Romney wants the fall campaign to be about the economy: gas prices, energy policy, federal spending, growing annual deficits and the accumulated federal debt, ObamaCare, and tax and regulatory policy. He will not run a campaign on social issues, which are of paramount importance to a significant part of the GOP base. Evangelical Christians and other social conservatives are also very concerned about economic issues, and Romney is counting on their votes in November since his approach is far more attractive to this group than Obama’s.
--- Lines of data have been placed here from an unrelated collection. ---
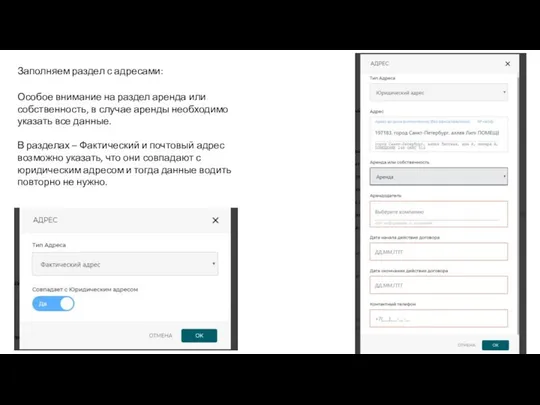 Заполняем раздел с адресами: Особое внимание на раздел аренда или собственность,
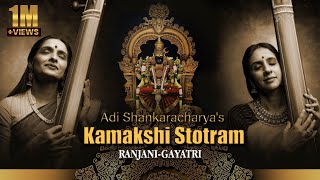 Sri Kamakshi stotram  श्री कामाक्षी स्तोत्रम् with Sanskrit and English subtitles Ranjani Gayatri [upl. by Tristas]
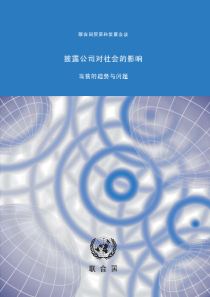 联合国贸易和发展会议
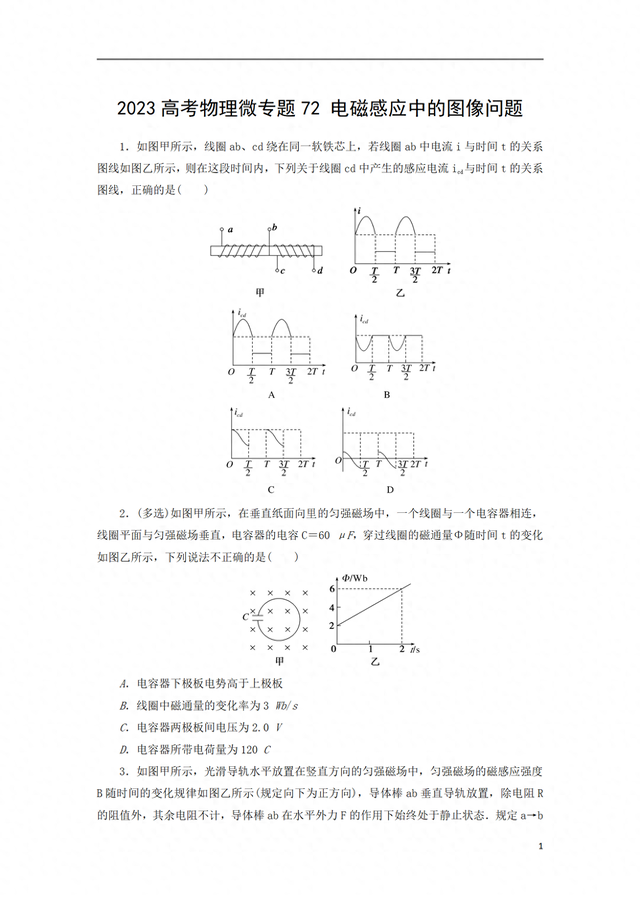 2023高考物理微专题72电磁感应中的图像问题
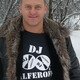 Dj.alferoff-annys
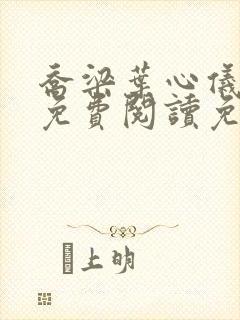 乔梁叶心仪全文免费阅读免费阅读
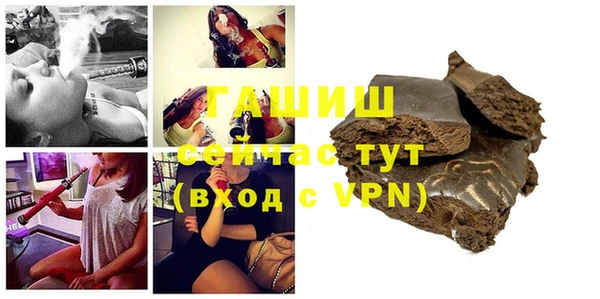 кокаин Бугульма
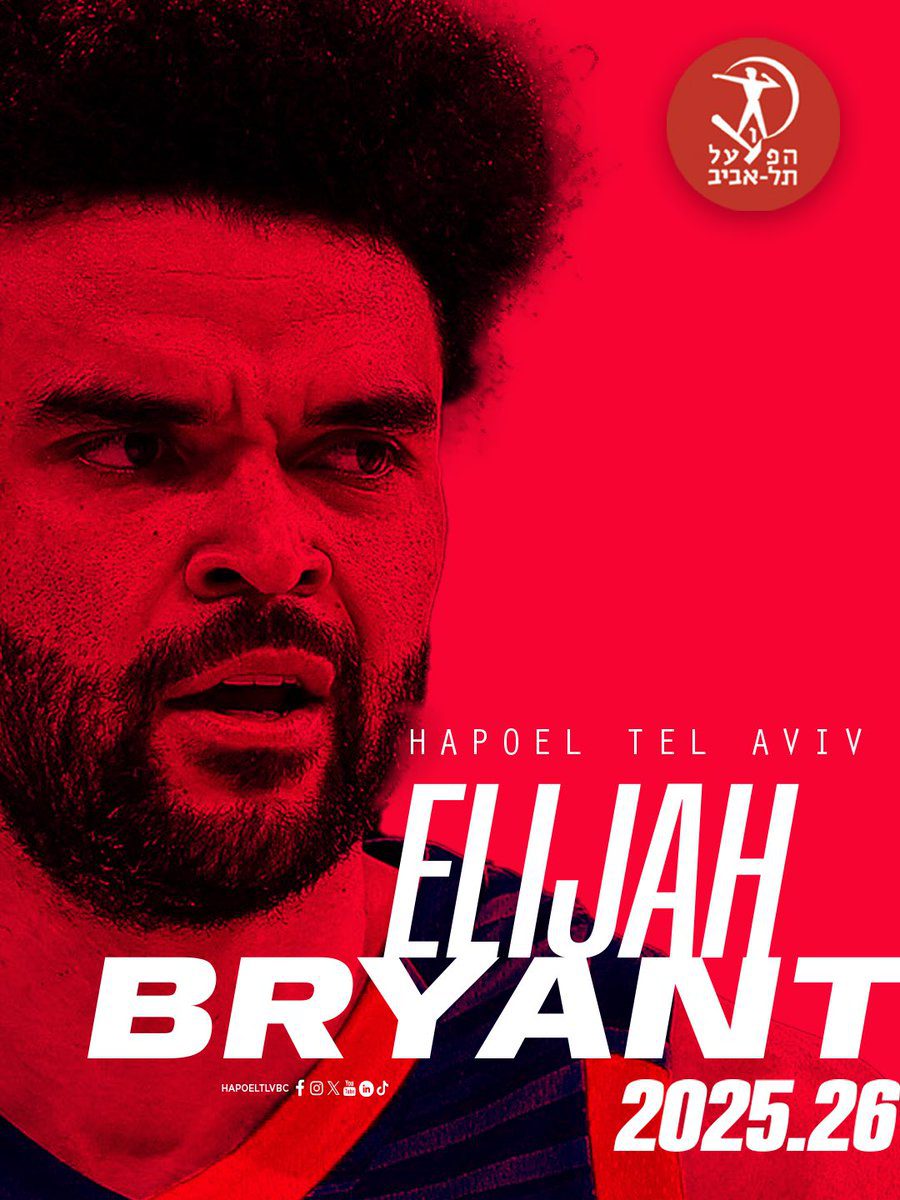 Elijah Bryant regresa a Tel Aviv para liderar el nuevo proyecto de Hapoel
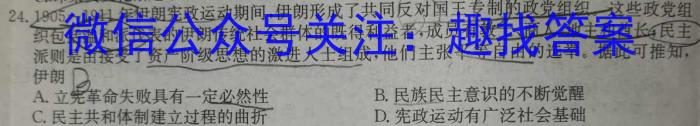 河南省优质高中2024年二月联考高一(24-371A)政治1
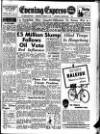 Aberdeen Evening Express Thursday 15 March 1951 Page 1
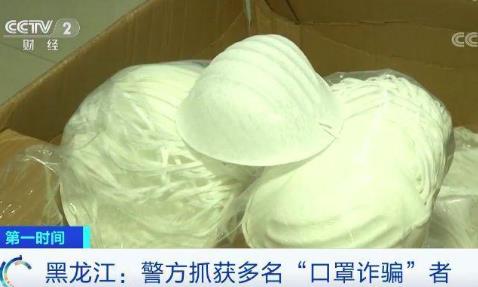 “三无”口罩20元一个！黑龙江警方抓获多名“口罩诈骗者”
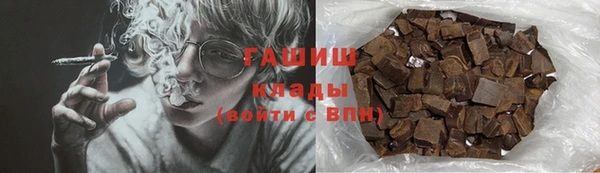 ECSTASY Балахна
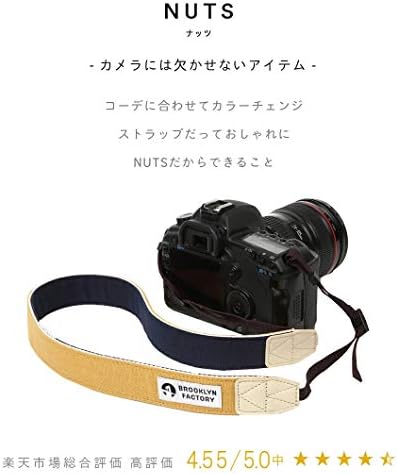 Amazon ブルックリンファクトリー カメラストラップ 一眼レフ かわいい おしゃれ ミラーレス 男女兼用 ニコン キャノン 対応 Nuts ブラウンストーン カメラ 双眼鏡用ストラップ ホルダー 通販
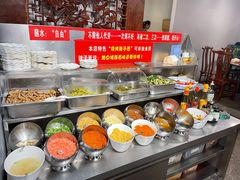 自助调料区-一烙锅(友谊店)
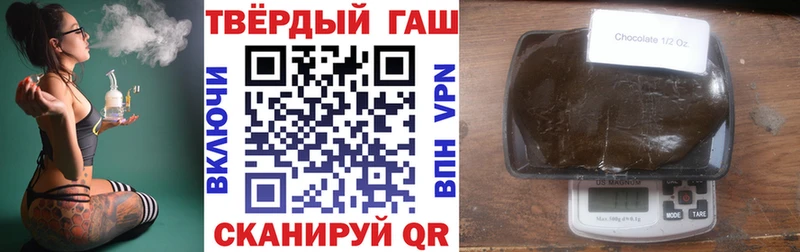 закладки  Богучар  Гашиш 40% ТГК 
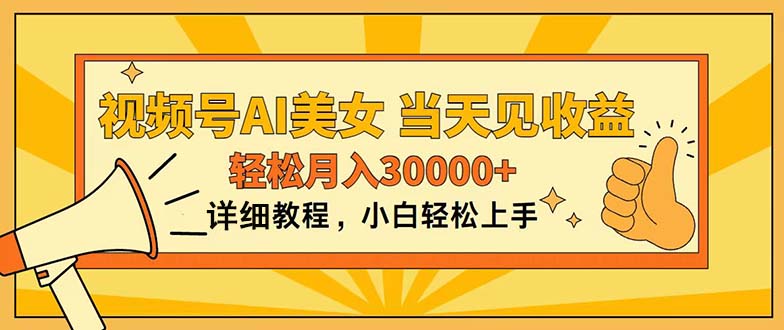 视频号AI美女，上手简单，当天见收益，轻松月入30000+狐狸致富吧-狐狸副业网-扶苏副业网狐狸致富吧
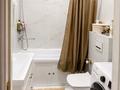 2-комнатная квартира · 45 м² · 6/12 этаж, Розыбакиева 181а за 48 млн ₸ в Алматы, Бостандыкский р-н — фото 5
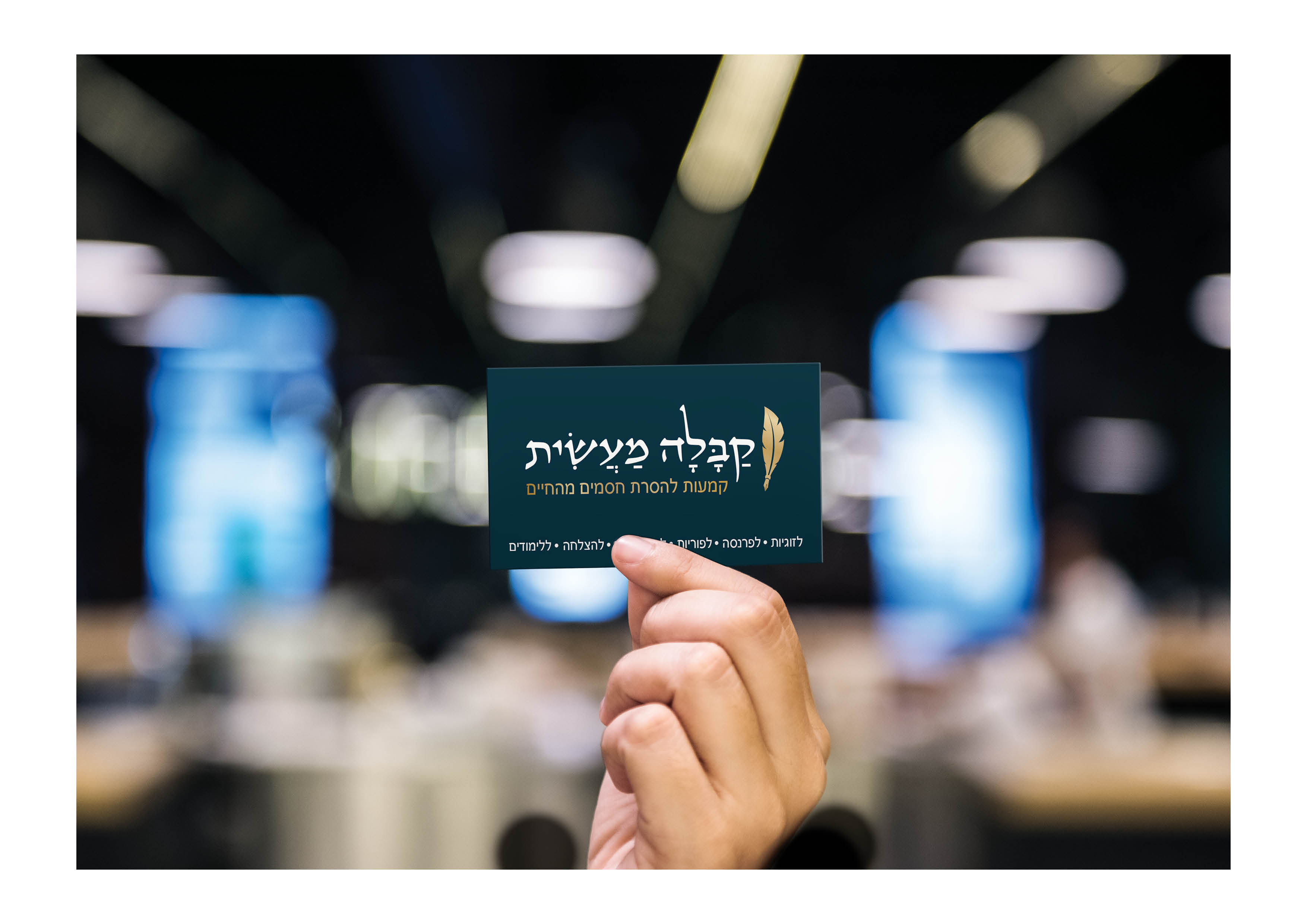    קבלה מעשית ספר מותג54.jpg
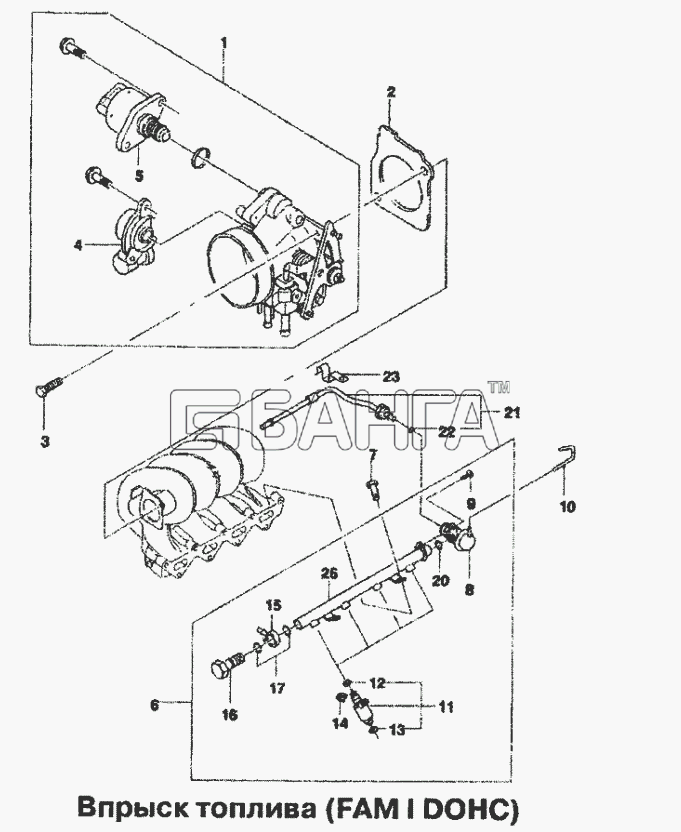 Chevrolet Chevrolet Lanos Схема Впрыск топлива (FAM I DOHC)-23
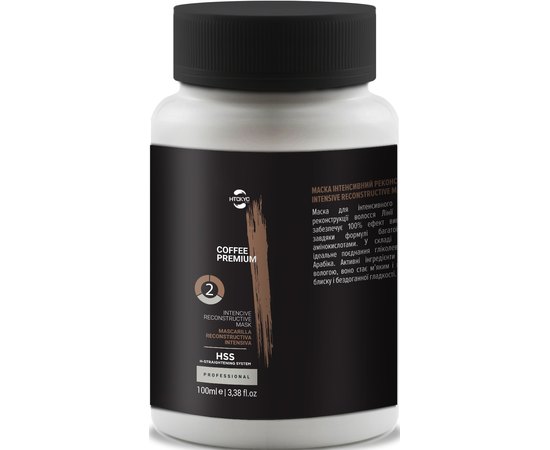 Кератин для випрямлення та відновлення волосся H-Tokyo Coffee Premium Intensive Reconstructive Mask, фото _ab__is.image_number.default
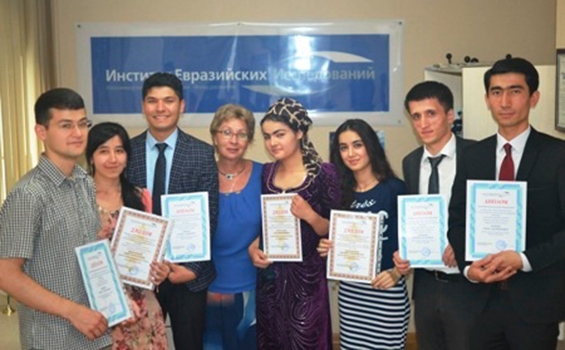 В Душанбе состоялось вручение дипломов лауреатам студенческих конкурсов имени Д. Менделеева и М. Ломоносова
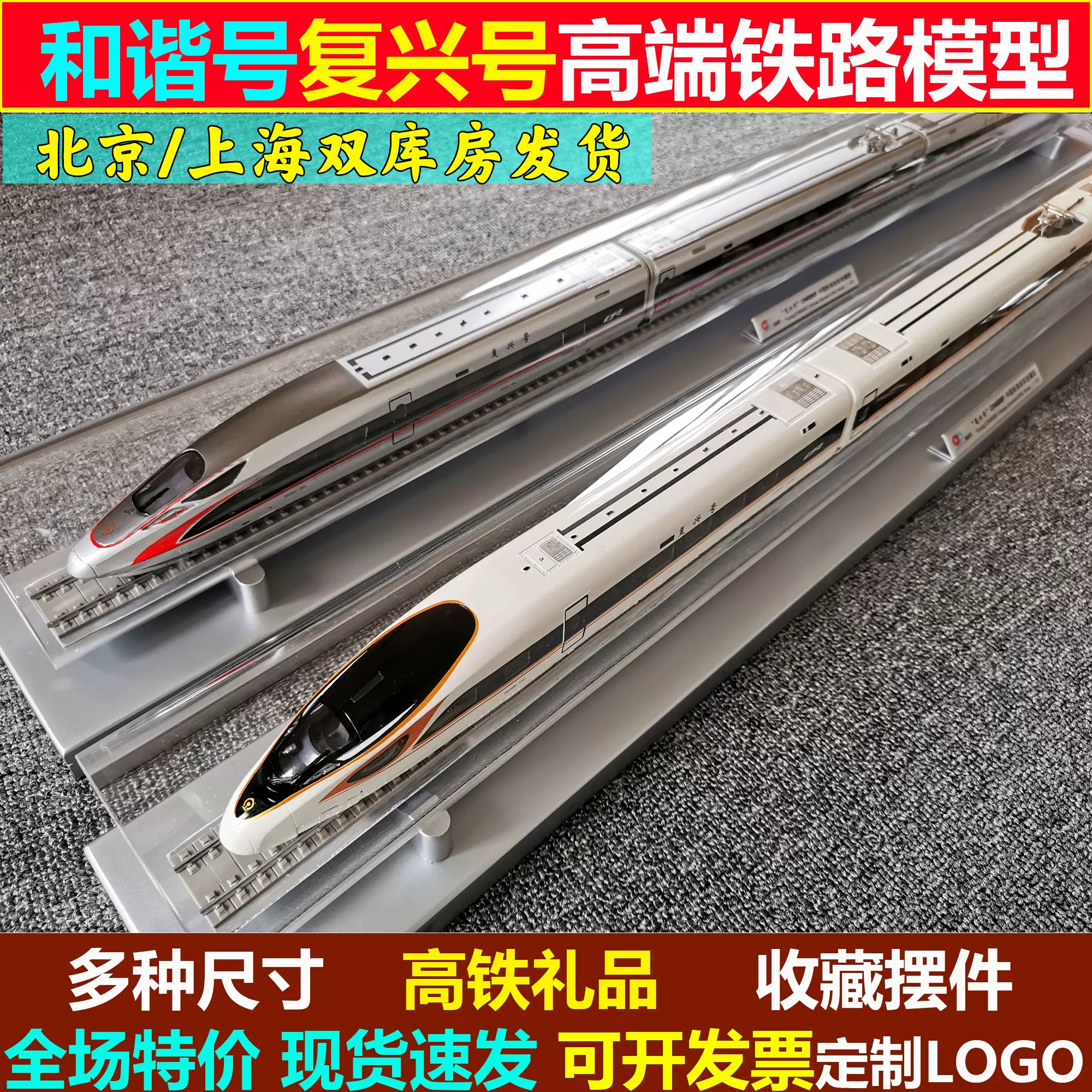 中国の新幹線模型 中国の新幹線模型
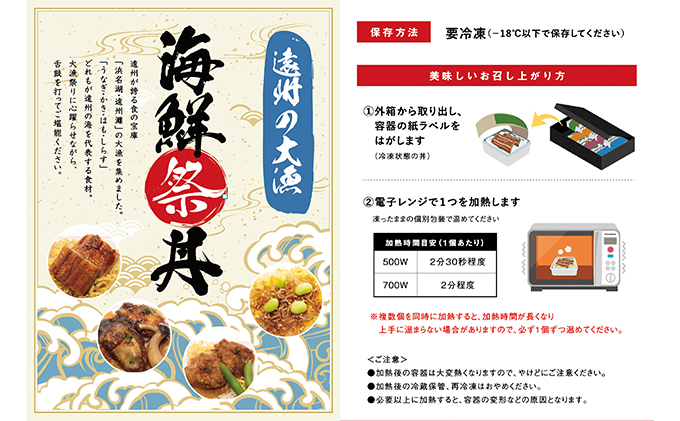 静岡県浜松市のふるさと納税 遠州の大漁 海鮮祭丼 【海鮮味くらべ】 ※うなぎまぶし1食付き【配送不可：離島】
As Rick Santorum has emerged as Romney’s chief rival, reporters, particularly those who are not sympathetic to any Republican (probably over 90% of the national press corps), have seen an opportunity to inject social issues into the campaign. The controversy over Obama’s contraception initiative that seemed to infringe on the rights of religious organizations appeared to have died down for a bit after an attempted compromise was offered by HHS Secretary Kathleen Sebelius. But it then erupted and became the main news story for several days after Rush Limbaugh trashed Sandra Fluke, the woman who had testified at a House hearing. Of course, Santorum himself has aided and abetted these social issue controversies by bringing up some of these issues on his own, such as the need to enforce pornography laws, or saying that John F. Kennedy’s statement during the 1960 campaign in Houston on the role of religion in public life made him want to throw up.